VMware Cloud Community
levans01
Contributor
Contributor
Jump to solution

Upgrade from VCSA 6.0 U3j to VCSA 6.7 Failing in Stage 2

Good Afternoon,

1. For a couple of weeks now I have been working on completing what should be a fairly straight forward task of upgrading a fully integrated 6.0 VCSA to 6.7 VCSA.

2.  Stage 1: Deploy vCenter Server Appliance with an Embedded Platform  Services Controller completes without issue.

Image 1.1. Upgrade Stage 2: Data transfer and appliance setup is in progress 

pastedImage_0.png

3. Stage 2 completes two of the three tasks and then complains that the source vCenter has been powered off.   This seems like a problem with the workflow.  I've tried powering the old vCenter back on and retrying the operation but it simply fails again in error. 
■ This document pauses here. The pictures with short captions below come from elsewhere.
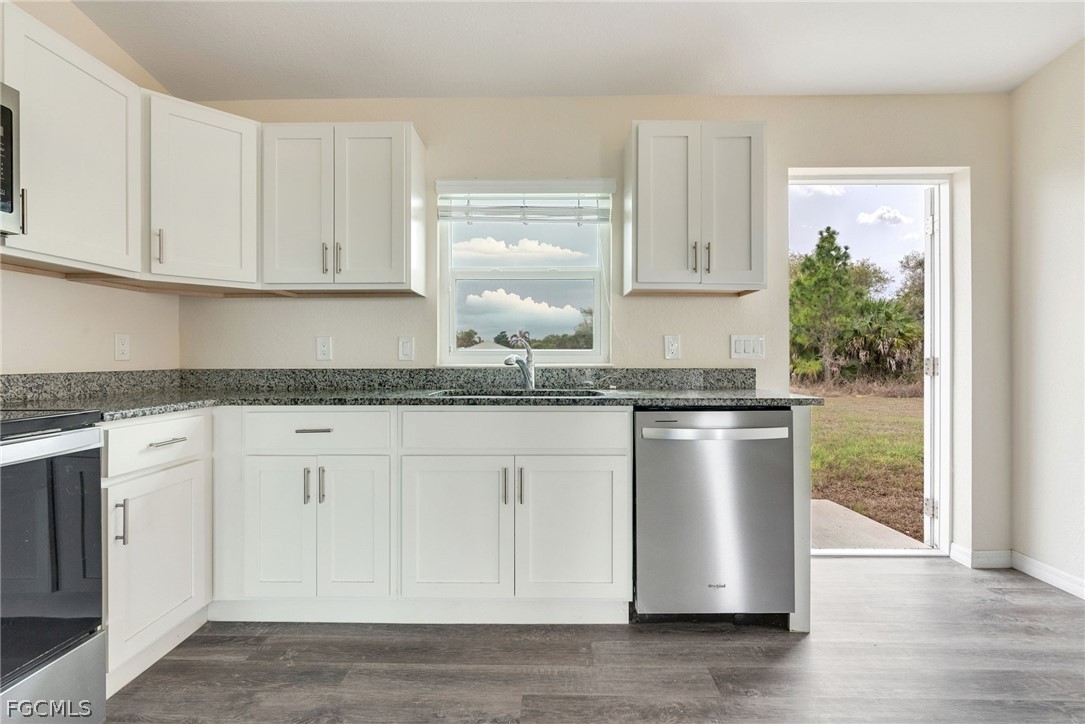 1405 Inwood Road LaBelle, FL 33935 - Photo 5 of 35 a kitchen with granite countertop white cabinets and white appliances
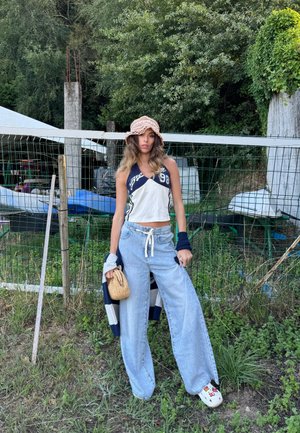 Jeans de pierna ancha de color azul claro combinados con un top recortado blanco y azul marino, llevando una bolsa de mimbre, y complementados con un sombrero tipo cubo color beige.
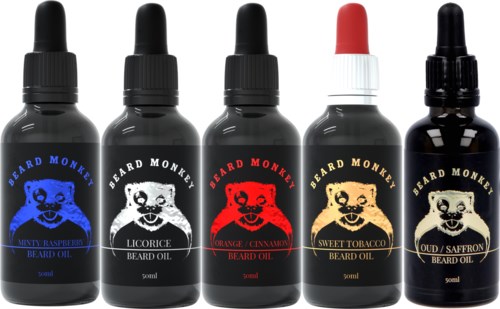 Five small bottles of beard oil with different scents, each with a black dropper cap and colorful labels.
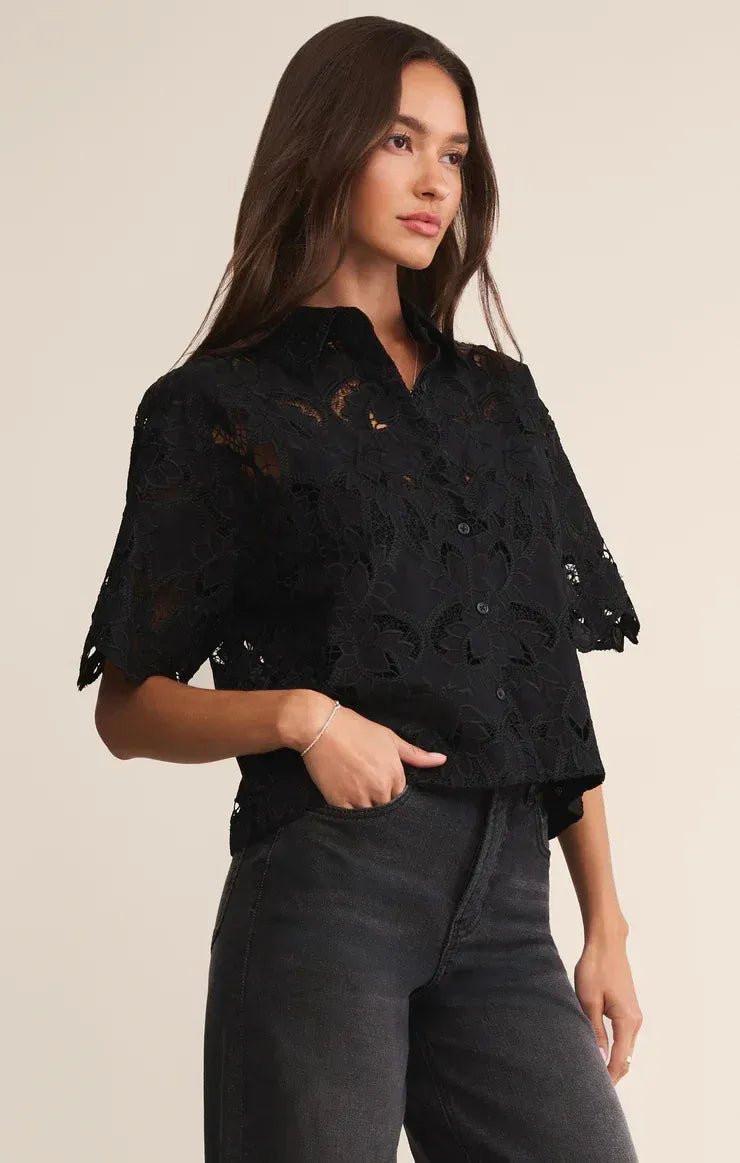 Black lace midnight embroidered short sleeve top with delicate floral patterns and flutter sleeves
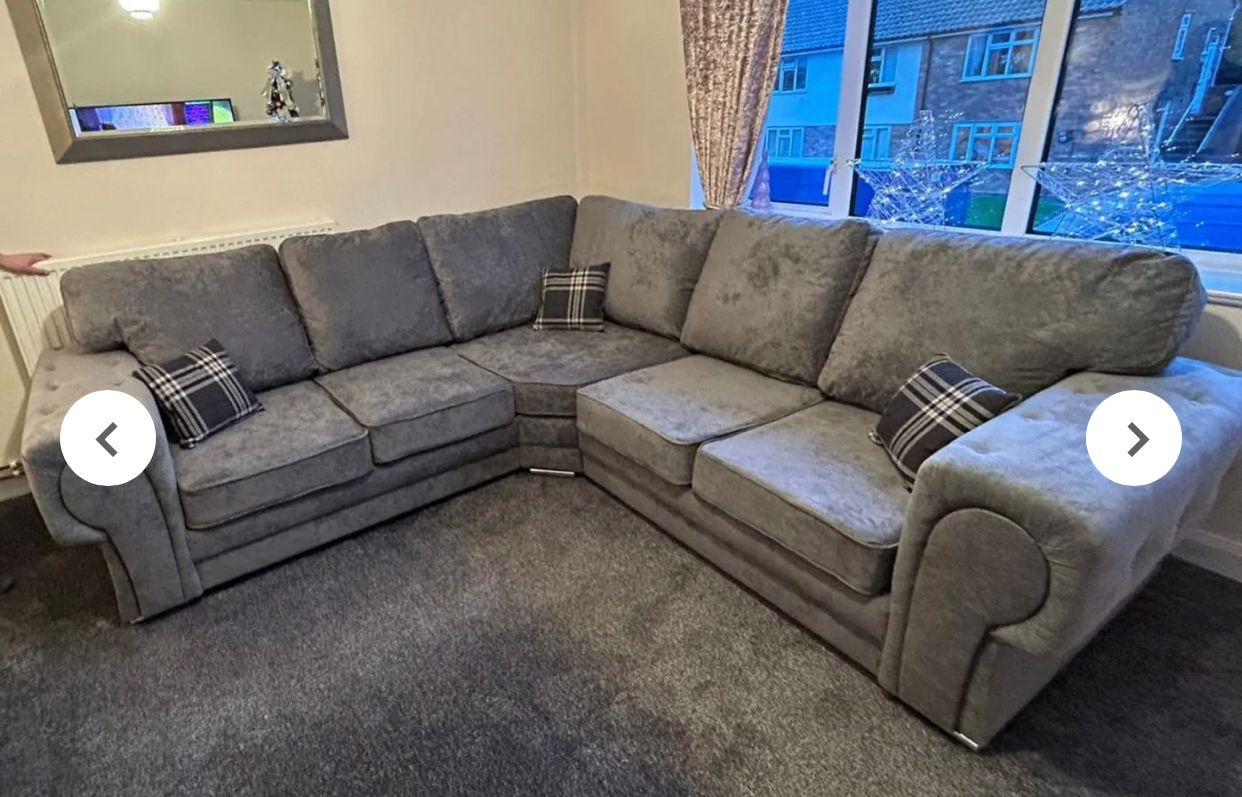 Verona corner sofa by Furnish UK in plush gray fabric with cushioned seats and decorative plaid pillows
Image 1.2 VCSA 6.7 Upgrade Failure Error:

pastedImage_2.png

4. The new appliance has an error which indicates the IMPORT failed.  It still has the old IP address on the console.  When I reboot the target appliance it switches to the new Appliance FQDN and IP address but the appliance is clearly broken.  The console still shows Upgrade Import error:

Image 1.3 VCSA 6.7 VCSA appliance

pastedImage_4.png    

5. When I logon to the VCSA 6.7 at https://FQDN.TLD/:5480  I see the following error message:

Image 1.4 VCSA 6.7 Appliance Broken message.

pastedImage_6.png

I think I am doing everything correctly.  I don't know if there is another way to go forward.  I want to say that several years back there was talk of being able to stand up a new appliance. (Standalone) and them manually import the configuration?  If anyone has seen this problem and have a solution I am all ears.

PS.  I have a ticket open with VMware support and I have provided them with the logs but I have not received any actionable responses from them yet.  Other than try powering on the previous appliance to complete the final step.

Thank you.

Reply
0 Kudos
1 Solution

Accepted Solutions
jonastro
VMware Employee
VMware Employee
Jump to solution

Hello Lee,

It was a pleasure working with you on this case.

To ensure clarity on the resolution of your issue and as a record for yourself below is a summary of what we worked on:

Summary:

6.0 to 6.7 appliance upgrade is failing with unable to lookup hostname

Cause and Resolution:

Found the following from the source 6.0 vCenter:

IP/Hostname has been masked for security reasons.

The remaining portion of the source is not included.